Réduire les excédents, faire de nouvelles dettes

La liste des mesures cantonales est longue et très variée (l’USS a compilé une vue d’ensemble régulièrement mise à jour de toutes ces mesures). Mais compte tenu des défis économiques auxquels nous allons faire face – on s’attend en 2020 à la plus grande crise économique depuis la fin de la Seconde Guerre mondiale –, la plupart de ces dispositions paraissent déjà presque «cosmétiques». Grâce à leur poids économique, les cantons doivent dès lors contribuer à ce que le «choc de la demande» reste autant que possible contenu, après un «choc de l’offre» dû à la fermeture temporaire de pans entiers de l’économie. Il s’agira d’éviter, autant que faire se peut, les pertes de revenus et d’emplois, sinon les comptes cantonaux s’en ressentiront, eux aussi, d’autant plus.

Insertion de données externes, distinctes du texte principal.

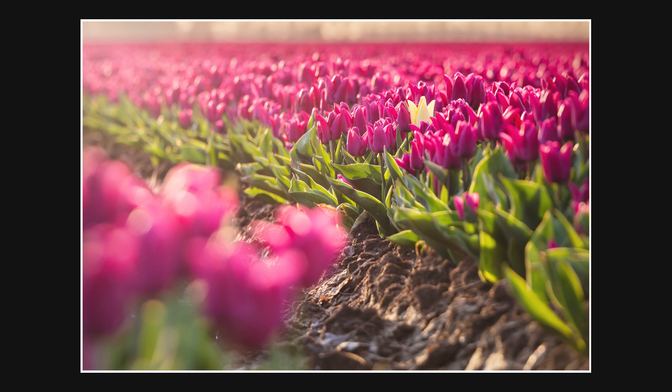Wat ik nou nog leuk zou vinden is als er één tulp tussen zou zitten die een andere kleur heeft. Ik was vanochtend hier om het hoekje en heb een foto gemaakt waarbij alle tulpen paars zijn maar er is één gele tulp tussen — die daardoor echt een onderwerp wordt in de foto. En dat is hier een stuk lastig omdat alle tulpen er hetzelfde uitzien. Prachtig, het zijn hele mooie tulpen, maar ik zoek net even die uitzondering. De zon begint al behoorlijk laag te worden, dus ik denk dat we over een kwartiertje zonsondergang hebben. Ik verwacht wel wat mooie luchten, dus ik kijk ernaar uit. Maar eerst nog even lekker met de hand nog wat foto's schieten.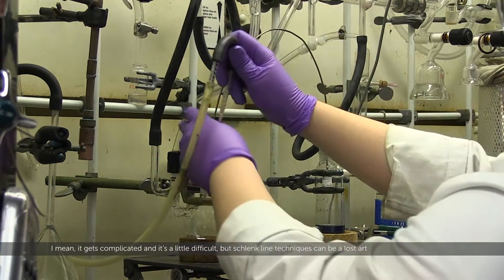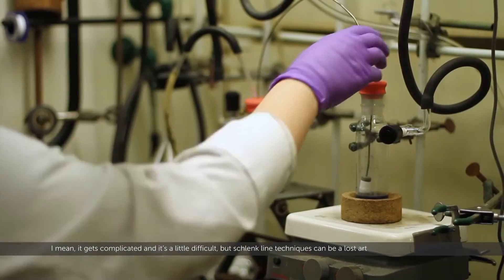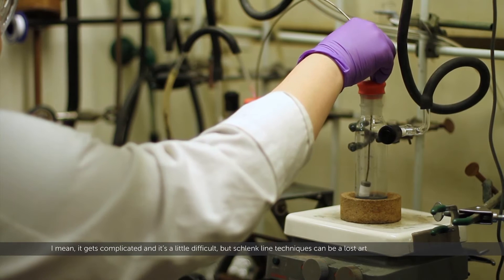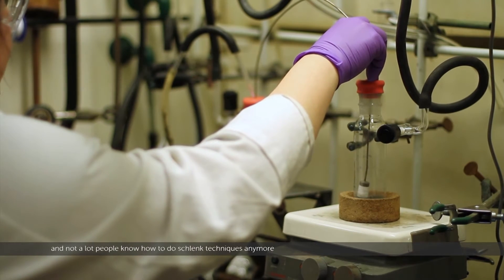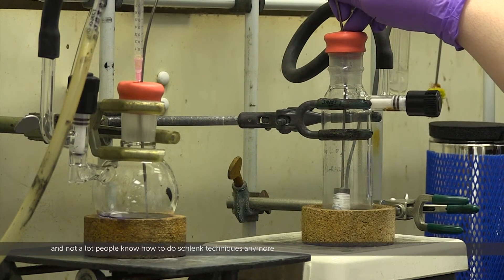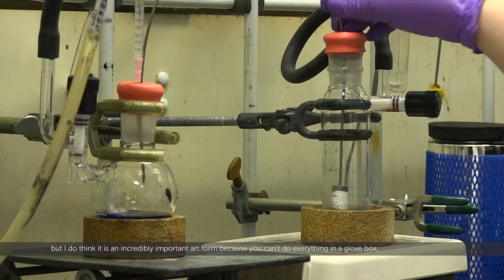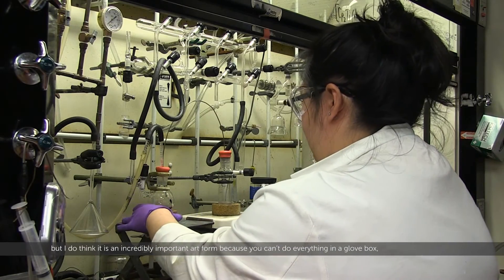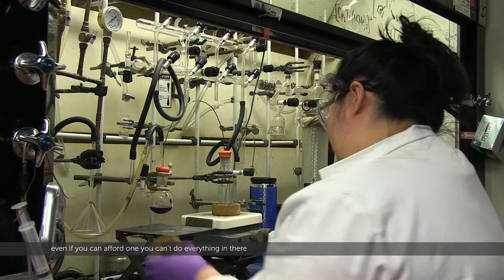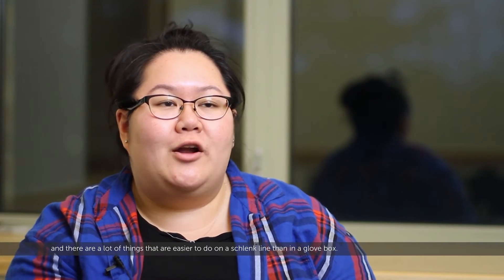It gets complicated and it's a little difficult, but Schlenk line techniques can kind of be a lost art. Not a lot of people know how to do Schlenk techniques anymore, but I think it's an incredibly important art form because you can't do everything in a glove box — even if you can afford one. And there are a lot of things that are easier to do on a Schlenk line than in a glove box.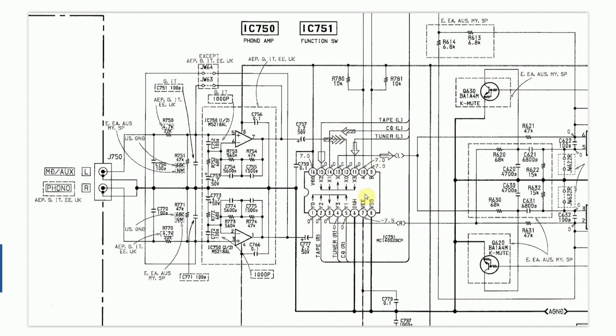If you have another Sony model and you can see a similar sort of switching chip, you could also consider replacing the tape, CD, or tuner inputs into this chip with an auxiliary input. I believe that if you're willing to sacrifice one of those parts of the system, you could break the circuit — say for example the tape circuit coming in on pin 15 and pin 2 — and put in your auxiliary instead.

Pour éviter cet effondrement ou le contenir, les cantons ne pourront pas juste se contenter de puiser dans les excédents juteux accumulés ces dernières années. Ils devront au contraire mobiliser davantage de moyens et s’endetter tout simplement, comme le fait la Confédération. Avec les taux d’intérêts négatifs – qui semblent perdurer pour un moment encore –, on peut partir du principe que les cantons gagneraient même à faire des emprunts! De plus, le taux d’endettement en Suisse est très largement en deçà des règles de l’Union européenne en la matière, soit les critères de Maastricht (la dette publique ne doit pas dépasser 60% de la performance économique), qui sont eux-mêmes lettre morte depuis belle lurette. Aux cantons maintenant de prendre leurs responsabilités et d’agir sans tarder.